*Available data*
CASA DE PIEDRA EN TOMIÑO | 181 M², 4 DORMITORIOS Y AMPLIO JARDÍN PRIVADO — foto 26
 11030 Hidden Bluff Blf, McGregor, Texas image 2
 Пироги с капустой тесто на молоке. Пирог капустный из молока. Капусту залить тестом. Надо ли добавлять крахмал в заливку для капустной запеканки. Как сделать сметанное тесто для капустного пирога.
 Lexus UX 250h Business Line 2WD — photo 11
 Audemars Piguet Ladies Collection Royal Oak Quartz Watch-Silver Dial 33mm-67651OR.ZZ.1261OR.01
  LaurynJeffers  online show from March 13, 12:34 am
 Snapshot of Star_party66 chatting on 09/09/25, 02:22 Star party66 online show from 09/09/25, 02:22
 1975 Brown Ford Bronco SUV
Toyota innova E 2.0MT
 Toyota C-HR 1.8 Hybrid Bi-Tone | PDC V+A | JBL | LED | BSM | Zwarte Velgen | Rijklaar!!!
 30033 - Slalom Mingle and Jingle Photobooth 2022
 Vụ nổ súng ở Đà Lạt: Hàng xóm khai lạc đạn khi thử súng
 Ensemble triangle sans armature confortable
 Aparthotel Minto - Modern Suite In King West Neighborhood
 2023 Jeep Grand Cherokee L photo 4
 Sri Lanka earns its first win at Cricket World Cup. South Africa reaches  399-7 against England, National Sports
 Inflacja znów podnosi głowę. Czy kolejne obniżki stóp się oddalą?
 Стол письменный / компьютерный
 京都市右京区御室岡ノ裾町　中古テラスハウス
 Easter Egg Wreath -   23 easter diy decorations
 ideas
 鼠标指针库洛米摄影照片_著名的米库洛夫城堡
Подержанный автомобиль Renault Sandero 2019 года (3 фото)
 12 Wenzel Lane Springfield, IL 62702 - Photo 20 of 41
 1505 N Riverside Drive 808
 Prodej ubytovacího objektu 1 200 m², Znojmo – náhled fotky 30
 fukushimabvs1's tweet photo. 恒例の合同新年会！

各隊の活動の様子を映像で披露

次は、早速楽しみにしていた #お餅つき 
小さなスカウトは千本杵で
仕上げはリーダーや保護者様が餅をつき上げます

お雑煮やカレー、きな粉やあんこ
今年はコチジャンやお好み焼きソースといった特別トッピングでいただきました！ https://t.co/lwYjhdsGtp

*Exercise description*
Output must consist only of the listing's lines from the first through the line with "Пироги с капустой", reproduced word for word.

*Answer area*
CASA DE PIEDRA EN TOMIÑO | 181 M², 4 DORMITORIOS Y AMPLIO JARDÍN PRIVADO — foto 26
 11030 Hidden Bluff Blf, McGregor, Texas image 2
 Пироги с капустой тесто на молоке. Пирог капустный из молока. Капусту залить тестом. Надо ли добавлять крахмал в заливку для капустной запеканки. Как сделать сметанное тесто для капустного пирога.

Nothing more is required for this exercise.